If radicalism has had any positive value in the last century, it was to scandalize an otherwise complacent centre-left consensus on civil rights, one reason why I’ll always prefer the hardheaded wisdom of “Letter from a Birmingham Jail” to the treacly pastiche of “I Have a Dream.”
Richard Just -- which rather sounds like the pen name someone in his position would adopt -- has authored an indignant essay in The New Republic against Barack Obama’s nonsensical views on gay marriage, which have objectively placed the Democratic president to the right of “Laura Bush, Arnold Schwarzenegger, and, according to a new CNN poll, 52 percent of the American people.” The relevant portion is this:
Obama argues that he is against gay marriage while also opposing efforts like Prop 8 that would ban it. He justifies this by saying that state constitutions should not be used to reduce rights. (His exact words: “I am not in favor of gay marriage, but when you’re playing around with constitutions, just to prohibit somebody who cares about another person, it just seems to me that that is not what America is about.”) Obama appears to be saying that it is fine to prohibit gay people from getting married, as long as the vehicle for doing so is not a constitution. Presumably, then, he supports the numerous states that have banned same-sex marriage through other means, without resorting to a constitutional amendment? If so, he might be the only person in the country to occupy this narrow, and frankly absurd, slice of intellectual terrain. Obama has also said he favors civil unions rather than gay marriage because the question of where and how to apply the label “marriage” is a religious one. This argument makes even less sense than his stance on state constitutions, since marriage, for better or for worse, is very much a government matter.
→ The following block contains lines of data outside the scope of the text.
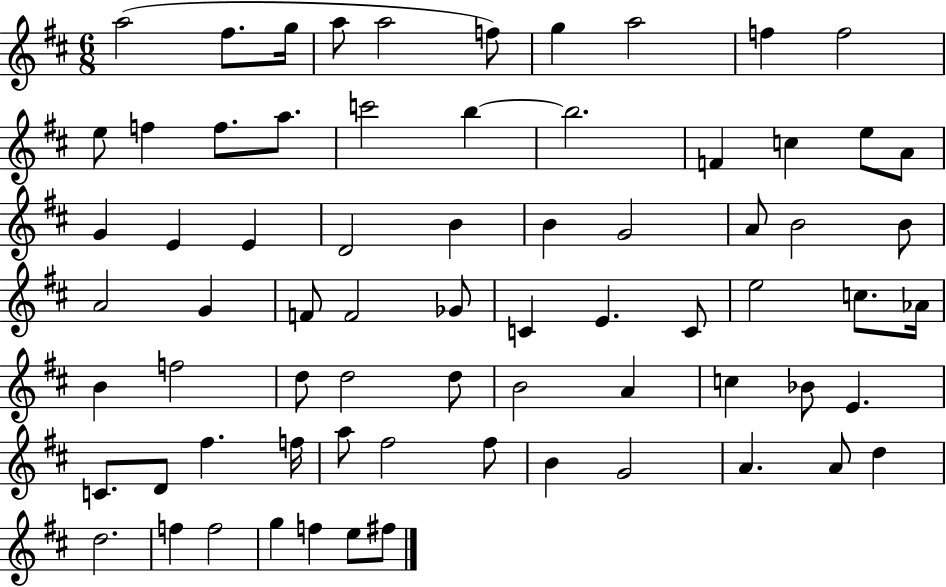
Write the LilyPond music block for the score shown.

{
  \clef treble
  \numericTimeSignature
  \time 6/8
  \key d \major
  a''2( fis''8. g''16 | a''8 a''2 f''8) | g''4 a''2 | f''4 f''2 | \break e''8 f''4 f''8. a''8. | c'''2 b''4~~ | b''2. | f'4 c''4 e''8 a'8 | \break g'4 e'4 e'4 | d'2 b'4 | b'4 g'2 | a'8 b'2 b'8 | \break a'2 g'4 | f'8 f'2 ges'8 | c'4 e'4. c'8 | e''2 c''8. aes'16 | \break b'4 f''2 | d''8 d''2 d''8 | b'2 a'4 | c''4 bes'8 e'4. | \break c'8. d'8 fis''4. f''16 | a''8 fis''2 fis''8 | b'4 g'2 | a'4. a'8 d''4 | \break d''2. | f''4 f''2 | g''4 f''4 e''8 fis''8 | \bar "|."
}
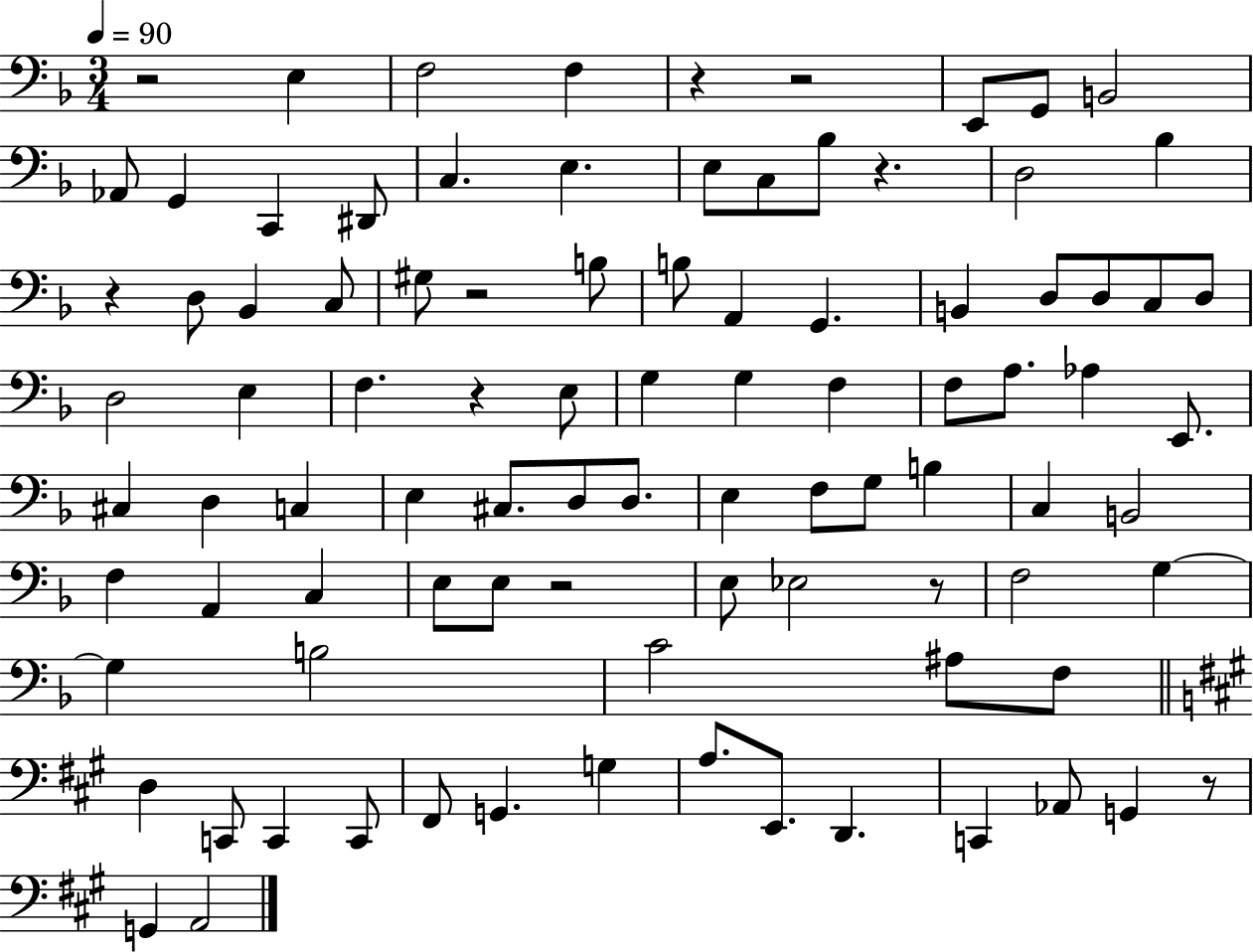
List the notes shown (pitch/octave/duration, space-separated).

By now it’s common knowledge that Ken Mehlman, the former chairman of the Republican National Committee and the former manager of George W. Bush’s presidential re-election campaign, prefers the company of men to women and believes in same-sex marriage legislation. Was it cynicism or prudence that impelled a high-ranking conservative not to make the most of this aspect of his “identity” when it might have made a political difference? The Daily Show will no doubt have a sober and fair-minded discussion about this very topic in the days to come. But the DNC and those ever diminishing Obama torch-bearers are hardly in a position to score partisan points off of Mehlman’s disclosure.
In fact, the best arguments in favor of gay marriage have come from conservatives such as Jamie Kirchick and Jonathan Rauch, both of whom can’t quite fathom what’s leftist about gentrifying another ten percent of the population. (There’s also likely some forward-thinking Karl Rove in the younger crop of GOP operatives who sees expanding the party’s voter base by endorsing such a platform.)
Meanwhile, the best half-serious arguments against gay marriage come from cultural traditionalists, but not the kind you think. There are quite a few homosexuals, mostly older, who fear that by gaining admittance to mainstream institutions, they stand to forfeit the aura of camp subversiveness and bohemian affiliation that formerly clung to the “lifestyle.” If you know anything about English poetry in the 1930's, you'll know exactly what this cultivated and storied aesthetic looks like: Larkin called it the oh-my-dear-ist school, best embodied by Auden and Spender. Yet this contingent is becoming a source for idiosyncratic nostalgia -- the sexual equivalent of Yiddish revivalism -- equally embarrassed by the term "partner" as it is by Bravo's reality television programming. A viable cultural movement it is not.